Frente a la vulgata
marxista, los anarquistas tenían claro que de nada valía
transformar la infraestructura esperando que de ella emanase una
superestructura nueva, porque o bien ambas se modifican a la vez,
incluso adelantándose uno, desde lo personal, en su propia
transformación ideológica, o bien las viejas formas de vida, en su
asombrosa consistencia, llegan a neutralizar, socavar y finalmente
dar al traste con las nuevas estructuras conquistadas cuando lo
indiscutible no se pone en duda, es decir, cuando la propiedad
privada se vive y se piensa como natural y cuando el trabajo y la
cultura se viven como esferas escindidas.
Y
es que a la Anarquía se la puede temer por los que la traducen en
caos, falta de autoridad y gobierno, pero también se la puede
mitificar como la situación social donde falta el comienzo (arché),
el principio; donde el mando y la ley han sido desterrados y todo
puede comenzar entonces como posibilidad; donde los materiales
históricos se resisten a una lectura lineal y positiva porque la
ausencia de autoridad impide cualquier relato de poder o, lo que es
lo mismo, hace de cualquier relato un relato con el mismo estatus que
otro, pues ninguna resistencia encuentra para ello ni ninguna
institución impide que suceda tal cosa.

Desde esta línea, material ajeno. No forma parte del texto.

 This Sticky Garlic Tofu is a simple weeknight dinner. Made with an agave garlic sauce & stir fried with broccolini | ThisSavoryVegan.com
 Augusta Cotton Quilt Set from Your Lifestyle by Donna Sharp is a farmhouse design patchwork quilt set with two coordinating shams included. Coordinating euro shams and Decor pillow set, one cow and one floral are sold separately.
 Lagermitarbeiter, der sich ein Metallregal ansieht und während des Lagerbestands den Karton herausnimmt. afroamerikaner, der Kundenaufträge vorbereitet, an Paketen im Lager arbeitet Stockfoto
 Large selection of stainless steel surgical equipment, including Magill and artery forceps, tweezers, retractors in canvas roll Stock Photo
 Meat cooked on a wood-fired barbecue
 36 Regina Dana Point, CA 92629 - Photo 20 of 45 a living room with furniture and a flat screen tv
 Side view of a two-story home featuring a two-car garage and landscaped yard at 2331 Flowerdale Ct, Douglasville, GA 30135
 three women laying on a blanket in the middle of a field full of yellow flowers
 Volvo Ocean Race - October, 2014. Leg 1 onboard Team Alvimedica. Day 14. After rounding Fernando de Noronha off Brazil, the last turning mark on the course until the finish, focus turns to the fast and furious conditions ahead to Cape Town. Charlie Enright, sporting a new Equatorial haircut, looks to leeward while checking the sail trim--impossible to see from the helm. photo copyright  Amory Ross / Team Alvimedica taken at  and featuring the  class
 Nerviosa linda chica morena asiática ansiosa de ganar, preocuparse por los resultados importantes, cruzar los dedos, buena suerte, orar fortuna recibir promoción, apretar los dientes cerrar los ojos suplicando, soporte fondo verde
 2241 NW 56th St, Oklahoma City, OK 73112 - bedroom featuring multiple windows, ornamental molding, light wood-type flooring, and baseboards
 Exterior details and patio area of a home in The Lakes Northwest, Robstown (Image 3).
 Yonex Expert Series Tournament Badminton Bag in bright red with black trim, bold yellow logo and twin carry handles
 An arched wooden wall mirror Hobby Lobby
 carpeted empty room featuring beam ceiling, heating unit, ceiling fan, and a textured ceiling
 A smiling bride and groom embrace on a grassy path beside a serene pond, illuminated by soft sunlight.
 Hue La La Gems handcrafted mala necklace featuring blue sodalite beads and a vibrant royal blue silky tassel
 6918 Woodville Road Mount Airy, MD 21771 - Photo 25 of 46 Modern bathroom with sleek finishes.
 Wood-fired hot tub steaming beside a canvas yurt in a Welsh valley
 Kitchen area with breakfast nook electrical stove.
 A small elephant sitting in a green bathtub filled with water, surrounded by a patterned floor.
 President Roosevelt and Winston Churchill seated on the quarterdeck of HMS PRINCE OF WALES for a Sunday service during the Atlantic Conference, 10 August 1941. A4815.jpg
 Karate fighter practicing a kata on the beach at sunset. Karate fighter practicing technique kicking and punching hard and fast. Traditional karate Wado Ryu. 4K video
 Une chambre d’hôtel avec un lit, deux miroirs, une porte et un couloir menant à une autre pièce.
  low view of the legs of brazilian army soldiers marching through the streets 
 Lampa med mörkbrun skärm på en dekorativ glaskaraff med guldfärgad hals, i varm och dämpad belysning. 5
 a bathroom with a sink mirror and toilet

Estamos pues ante un orden
superior a cualquier otro, un orden que no tiene que recurrir a la
violencia, la represión, la censura o la opresión porque este orden
tiene que ser descubierto y puesto en práctica por cada individuo de
la única manera que los anarquistas conocen, es decir, viviéndolo
como resultado del rechazo de toda dominación y negando cualquier
modelo de conocimiento preestablecido.